Would you please copy all of the data exactly, skipping the images?

== Supplied information ==
☆ ☆ ☆ ☆

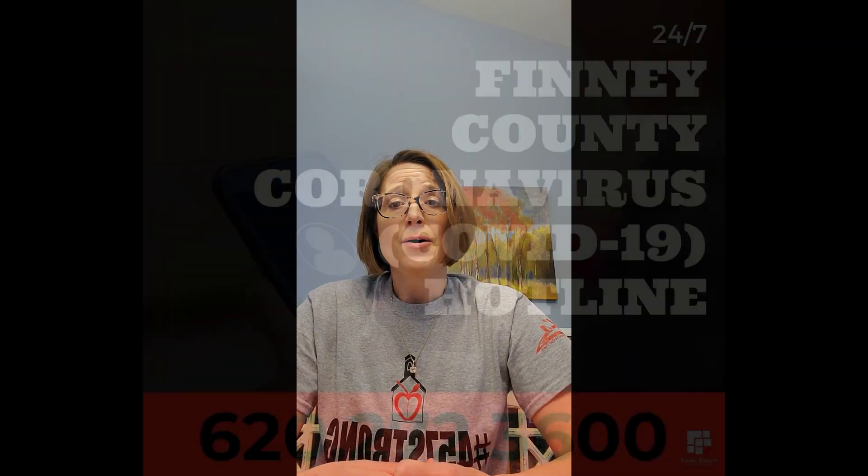So what are you supposed to do if you feel sick? If you have a fever of 100.4 or higher, you are achy and have a cough or shortness of breath, then you should call your doctor. Always call your doctor's office first — don't just go into the office. Or you can call the Finney County Health Department for more information at 272-3600.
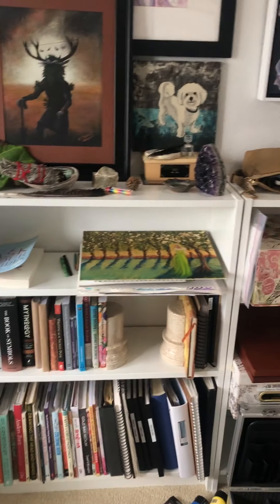There you go — I have a messy studio! Thanks you guys for being here, and I will speak to you soon. Bye!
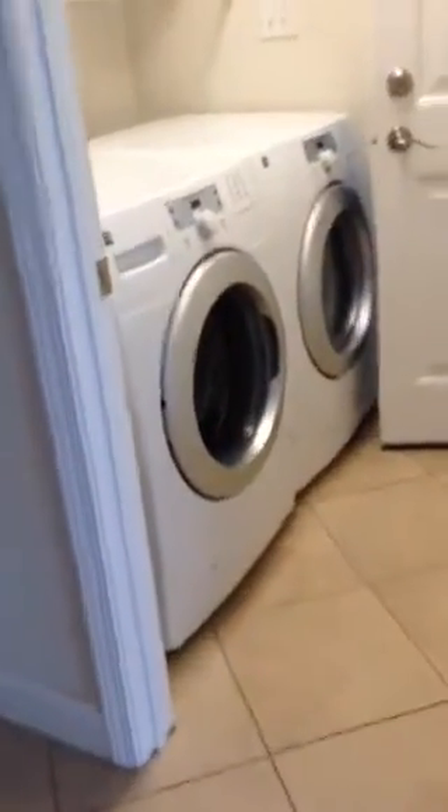This is bedroom number two. The carpet's a little better in here, but I would just replace it all at once. The foyer has tile too — it looks like the grout could be cleaned.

☆ ☆ ☆ ☆

== Solution for this problem ==
So what are you supposed to do if you feel sick? If you have a fever of 100.4 or higher, you are achy and have a cough or shortness of breath, then you should call your doctor. Always call your doctor's office first — don't just go into the office. Or you can call the Finney County Health Department for more information at 272-3600.
There you go — I have a messy studio! Thanks you guys for being here, and I will speak to you soon. Bye!
This is bedroom number two. The carpet's a little better in here, but I would just replace it all at once. The foyer has tile too — it looks like the grout could be cleaned.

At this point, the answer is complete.